It was decided on Thursday by a 3-2 vote that the Internet should be formally enforced as an unbiased communications medium. FCC Chairman Tom Wheeler said the policy will ensure "that no one, whether government or corporate, should control free open access to the Internet."
The main changes for broadband providers are as follows:
- Broadband access is being reclassified as a telecommunications service, meaning it will be subject to much heavier regulation
- Broadband providers cannot block or speed up connections for a fee
- Internet providers cannot strike deals with content firms, known as paid prioritisation, for smoother delivery of traffic to consumers
- Interconnection deals, where content companies pay broadband providers to connect to their networks, will also be regulated
- Firms which feel that unjust fees have been levied can complain to the FCC. Each one will be dealt with on a case by case basis
- All of the rules will also apply to mobile providers as well as fixed line providers
- The FCC won't apply some sections of the new rules, including price controls
The majority of the arguments against the decision included those of financial security for the Internet Providers. Which would appear to have been out favored by the need or want for a free and open internet as demonstrated by all the companies and citizens who also favor net neutrality. Including firms like Netflix who were reportedly one of the biggest lobbyists to support the decision. As well as a record four million comments that were sent to the regulator alongside the campaigners protesting outside its Washington headquarters resulting in President Obama eventually intervening, urging the FCC to adopt the "strongest possible" rules. Some however, still disagree as Scott Belcher, chief executive of the Telecommunications Industry Association, said that the "onerous set of rules" was an "over-reaction from the FCC". He also added that there were concerns that future administrations may use the rules to impose even more restrictions on broadband providers.

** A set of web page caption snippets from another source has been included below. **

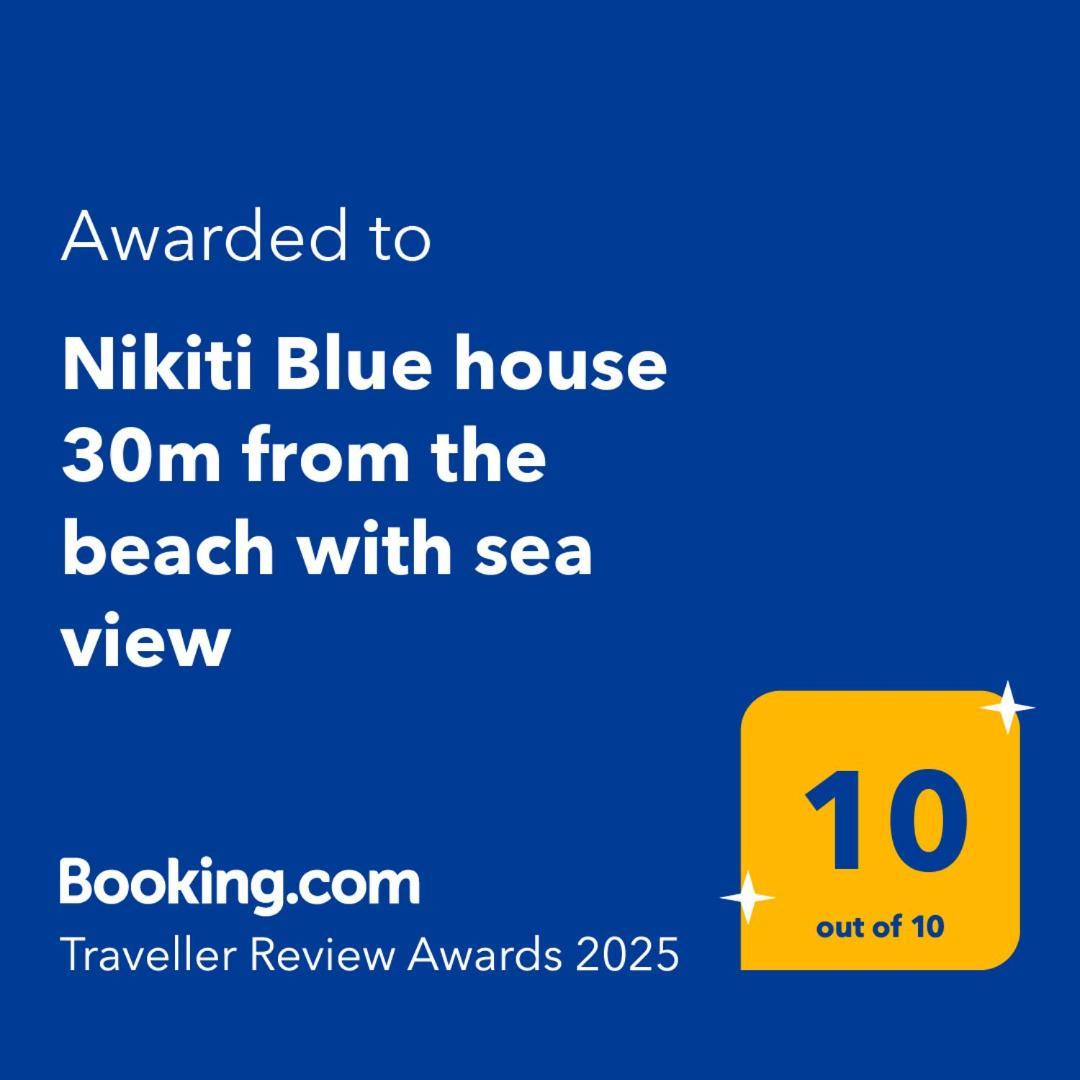 Blue House 30m From The With Sea View *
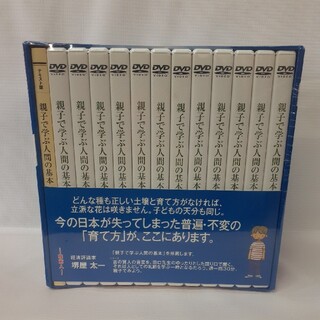 親子で学ぶ人間の基本　DVD全12巻(趣味/スポーツ/実用)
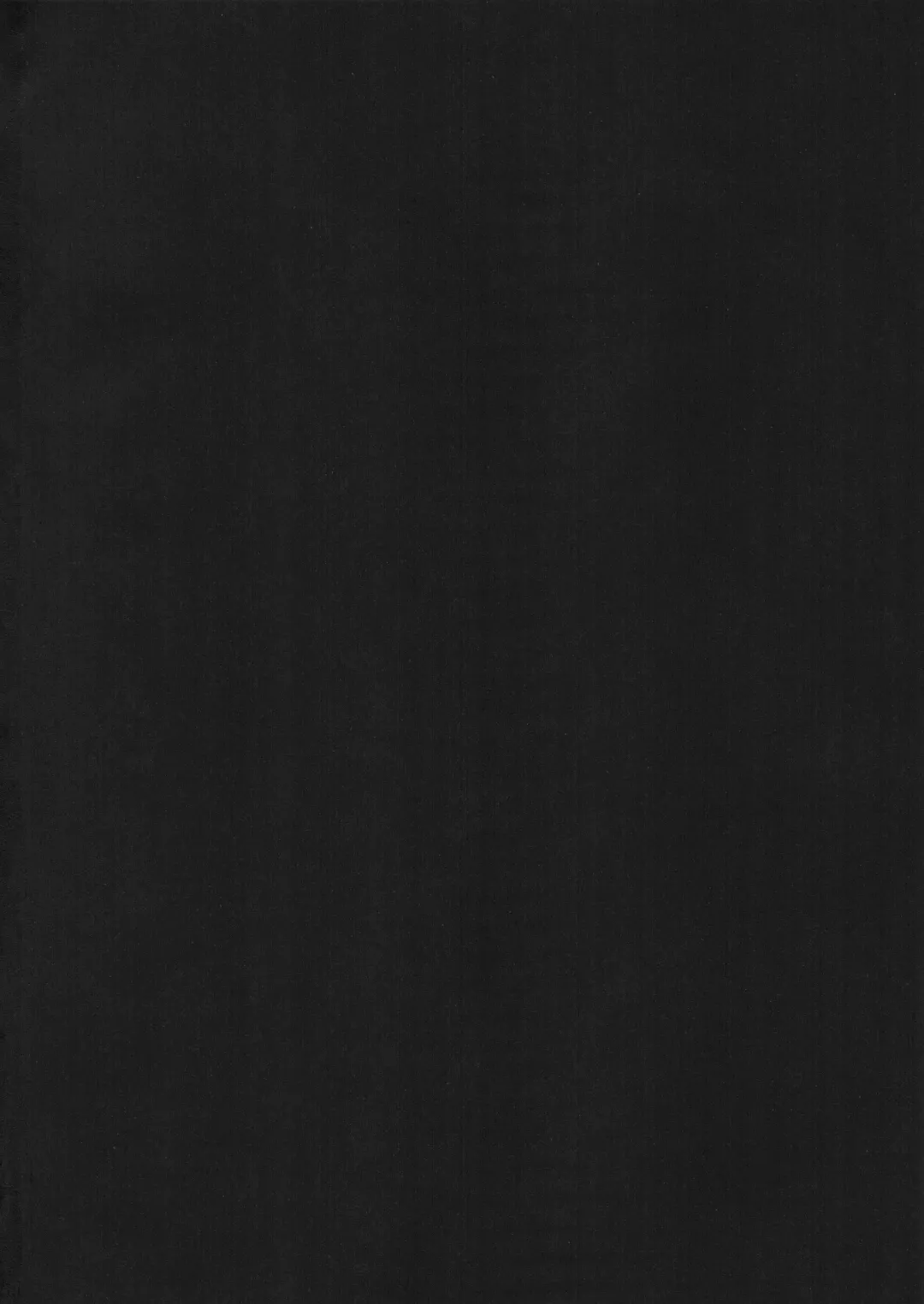 [Kino] Ore no Byouteki na Imouto Fhentai - Page 26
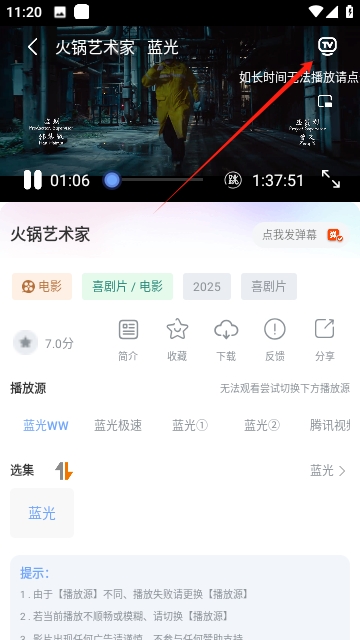 爱淘影视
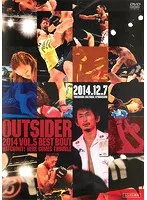 前田日明/戦いの証 地の章〈4枚組〉、天の章 Amazon.co.jp: 前田日明 戦いの証・地の章 [DVD] : プロレス
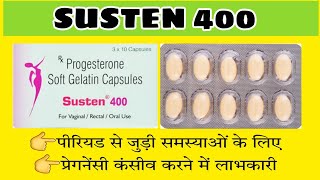 Susten 400 Capsule  Progesterone Soft Gelatin Capsules  Susten 400  Infertility  Pregnancy [upl. by Harman145]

Overall this bill is a positive as it keeps the internet in a state of it's original intention; freedom and equality for all who use it. It does however mean that there could be slight rises in prices as the US broadband providers are estimated to spend around $73bn (£47bn) a year on upgrading infrastructure. Net usage is expected to double over the next 10 years and data transmissions to increase eight-fold. If there is an increase in price, whatever it may be, at least we're all in the same boat!